L’artiste allemande, généralement armée de ses pistolets à peinture, est connue pour recouvrir tout l’environnement (sol, mur, hangar, chambre à coucher…) de ses teintes vives et iridescentes (jaune, bleu, rouge, vert, orange, violet…), célébrant ainsi une couleur qui sort du champ restreint du tableau pour exploser dans l’espace. Au sein de l’Espace Louis Vuitton à Venise, Katharina Grosse présente cette fois-ci une œuvre inédite en tissu métallique composé de millions de minuscules éléments en laiton. Installée au sein d’une salle transformée en black box – comme une boîte crânienne accueillant des molécules de LSD, l’installation apparaît en contraste à la manière d’un feu d’artifice de couleurs irisées recouvrant les murs et se déployant en cascade sur le sol. Sur ce “tissu”, l’artiste a appliqué un motif – une photographie de ses poings serrés – qui vire à l’abstraction totale, rendant la présence du corps fantomatique. L’œuvre elle-même, par son jeu de réflexion avec la lumière, semble tout autant disparaître qu’apparaître dans un va-et-vient digne de visions psychédéliques. “L’image représente un moment où mon corps et les matériaux s’entremêlent dans l’acte de peindre, nous explique-t-elle. Ce travail est une nouvelle étape dans mon exploration de l’impression d’images sur divers tissus, qui montrent des situations ou des actions liées d’une manière ou d’une autre à ma pratique de la peinture.” Katharina Grosse est en effet célèbre pour engager tout son corps lors de ces “performances” l’amenant à repeindre de vastes espaces, armée de ses pistolets et recouverte d’une tenue de protection comme elle l’a fait ce printemps à la fondation Louis Vuitton à Paris pour l’exposition “La Couleur en Fugue”.

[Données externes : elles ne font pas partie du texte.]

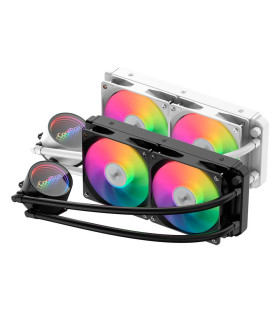 Kit refrigeracion liquida coolbox infinite liquid 240 blanco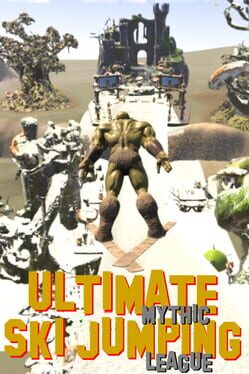 Jaquette de Ultimate Mythic Ski Jumping League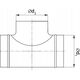 ALNOR TEES WITH INTERMEDIATES (TPCL-200-200)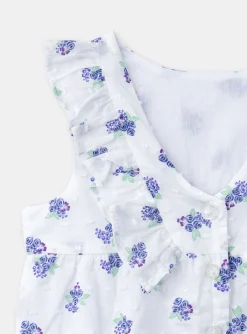 Dress | Dress-Sergent Major Off-white floral rompers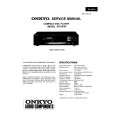 Cover page of ONKYO DX-6630 Service Manual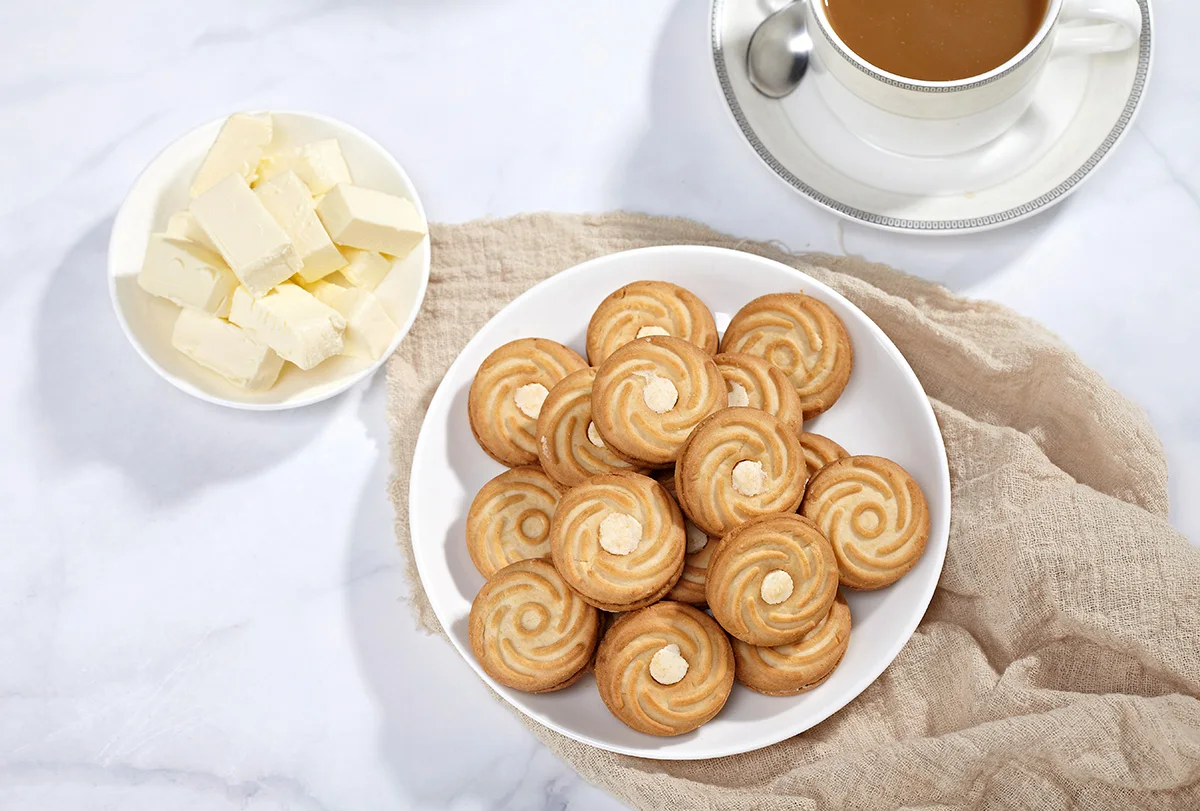 
80G/Pack Net Weight Cream Sandwich Biscuits In Cheese Flavor Manufacturers 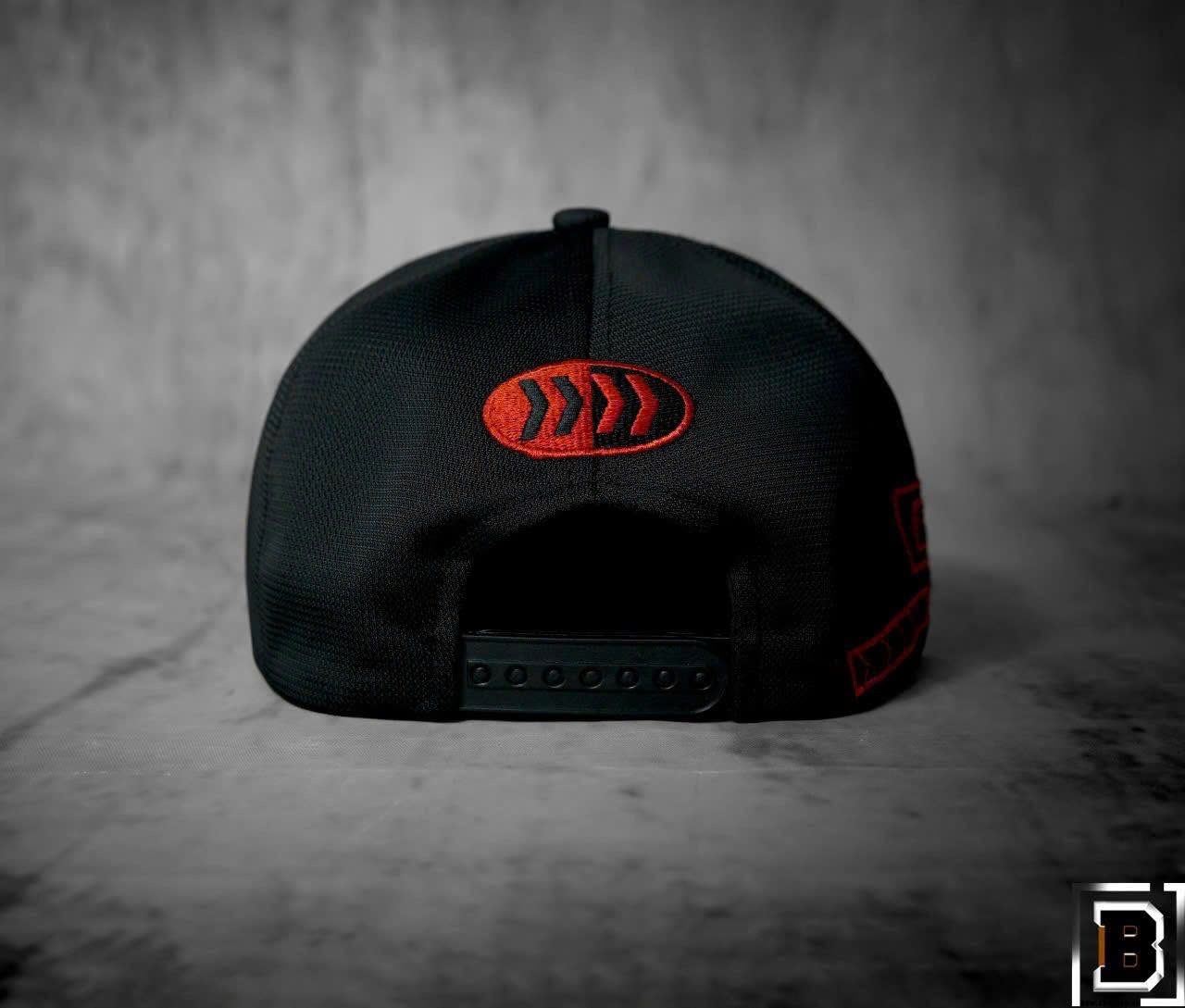 Nón hiphop, mũ snapback thể thao xe Ferrari phối vải kaki đẹp form chuẩn thời trang (Ảnh thật)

À Venise, le tissu exposé forme un miroir liquide qui évoque évidemment l’eau omniprésente et mystérieuse de la cité des Doges. “Avec Apollo, Apollo, ajoute-t-elle, je laisse la maille de laiton imprimé couler le long des murs et sur une grande partie du sol de l’espace d’exposition, comme de l’eau, de sorte qu’elle oscille entre surface, texture, image et objet ; entre ordre et désordre ; destruction et création ; tension et relâchement ; mouvement forcé et libre. L’image scintillante est en constante évolution, selon l’angle de la lumière et la façon dont les reflets du métal résonnent avec le mouvement du spectateur. En référence au concept de Leibniz sur le pliage du temps, de l’espace et du mouvement.” Les plis du drapé semblent en effet agir sur l’espace et le temps, pour le libérer ou le compresser, dans un jeu qui s’inscrit évidemment dans un dialogue avec la traduction picturale vénitienne où le corps était représenté par un art de la peinture du pli. Ici, c’est toute la matérialité du monde qui s’y incarne. Pour sa précédente exposition à la galerie Gagosian à Rome en 2020, Katharina Grosse faisait déjà référence au philosophe allemand avec son titre “Separatrix”, décrit par le réalisateur Alexander Kluge en introduction du show comme “l’entre-deux choses qui sont contradictoires. On y trouve toujours une ligne. D’un côté, il y a le bleu. De l’autre, il y a le rouge. En réalité, le rouge a des ambassades dans le bleu, et le bleu a des ambassades dans le rouge. Et Leibniz explique que 50% de cette ligne, cette structure entre-deux est ordre, et que l’autre 50% est anarchie.”
Katharina Grosse a choisi d’intituler sa nouvelle œuvre “Apollo, Apollo” en référence au mythe grec de Cassandre, à qui Apollon avait fait le don de prophétie avant de regretter sa décision et de l’accompagner d’une malédiction : personne ne croirait jamais ses prédictions. Le titre rappelle ainsi les supplications de Cassandre envers le dieu. “Une figure passionnante” selon les mots de l’artiste pour notre époque qui refuse d’écouter les voix qui s’élèvent pour décrire le réel et qui préfèrent se maintenir dans l’illusion, fût-elle sublime.
Apollo, Apollo à l’espace Louis Vuitton, Venise, jusqu’au 27 novembre 2022.
Katharina Grosse à la fondation Louis Vuitton, Paris, au sein de l’exposition La Couleur en Fugue, jusqu’au 29 août 2022.